Cosa consiglieresti alle aspiranti scrittrici che decidono di cimentarsi nel mondo thriller?

VD. Io applico la formula delle tre P : pazienza, perseveranza e passione. Sono i tre cardini che mi spingono a continuare su questo lungo e difficile cammino. Si sa dove si comincia e mai dove e se si arriva. Potrei, inoltre, consigliare di leggere molto, di assorbire la tecnica di altri, ma di renderla personale, sfruttando il proprio stile e ciò che ci si sente di esprimere. Correggere, riscrivere, cestinare e accettare consigli per migliorare. L’obiettivo che io scelgo è quello di scrivere ciò che mi piace e che spero possa anche emozionare i lettori.

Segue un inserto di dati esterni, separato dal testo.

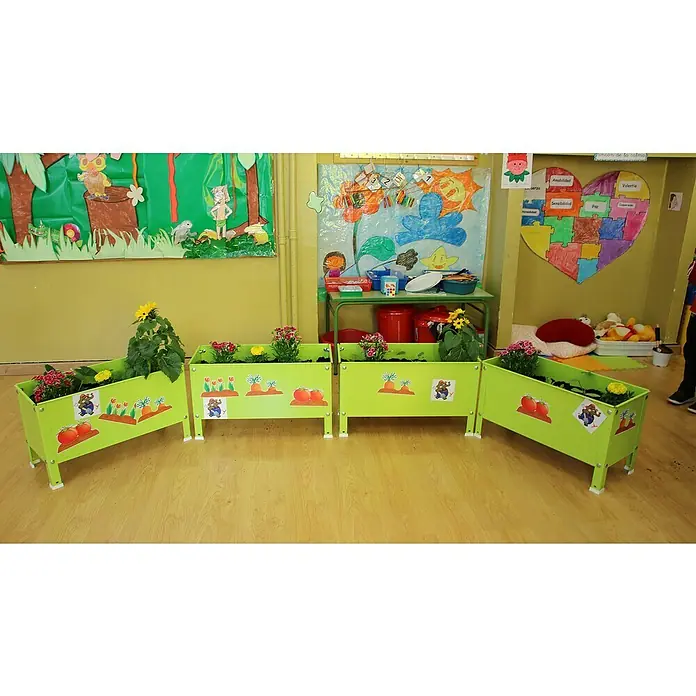 Simonrack Simongarden Huerto urbano Urban kid - L x An x Al: 41 x 90 x 40 cm, Aluminio, Verde - Primer plano de cuatro jardineras verdes decoradas con pegatinas de flores y verduras que forman un pequeño jardín dentro de una habitación.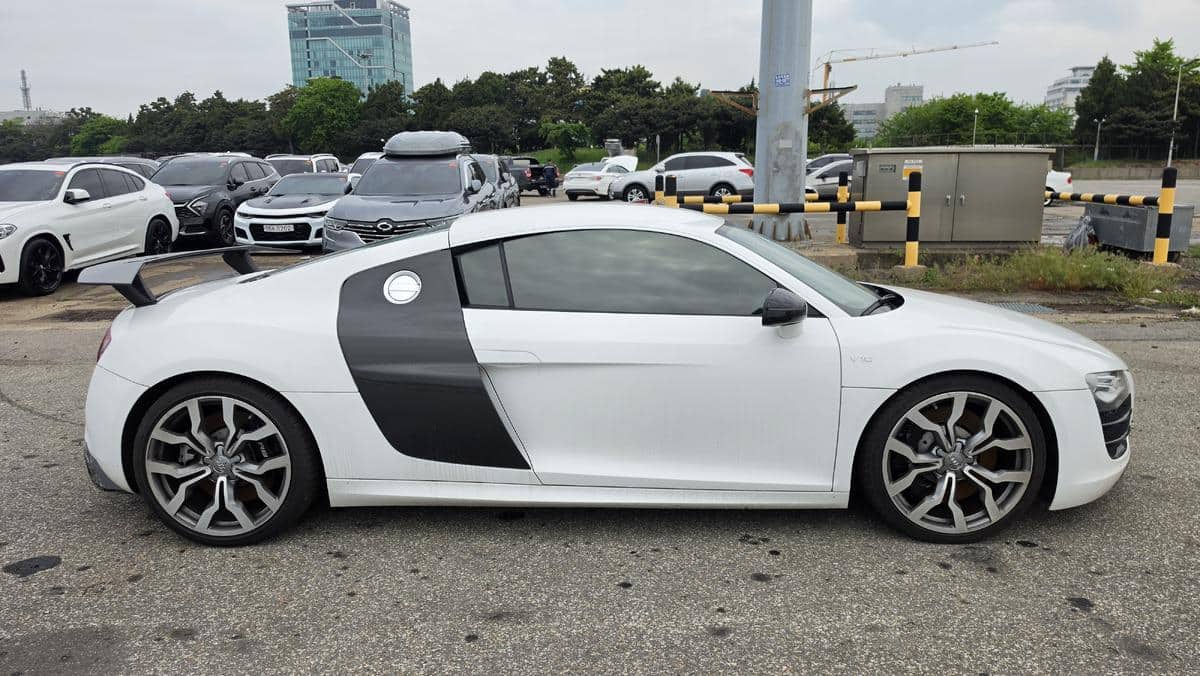 2010 AUDI R8 - 2010 アウディ R8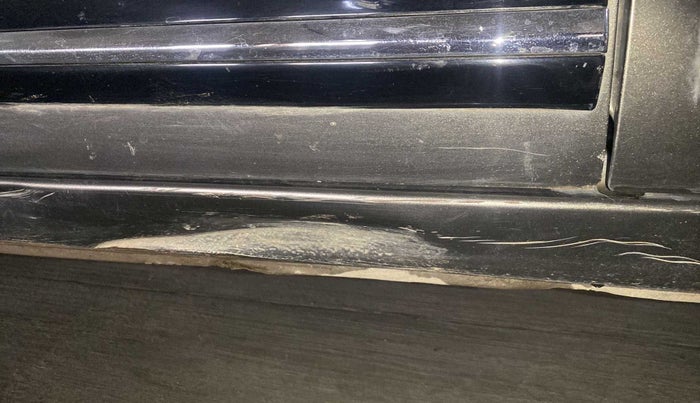 2018 Maruti Swift VXI, Petrol, Manual, 44,625 km, Left running board - Slightly dented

Credo che la mia curiosità e quella dei lettori sia ampiamente soddisfatta. Ti ringrazio per il tempo concessomi e al prossimo romanzo.
VD. Grazie a te, Nico, per aver letto i miei romanzi e aver trovato un piccolo spazio per quest’interessante intervista. Ringrazio tutti i lettori del tuo blog con cui condivido la passione per i thriller!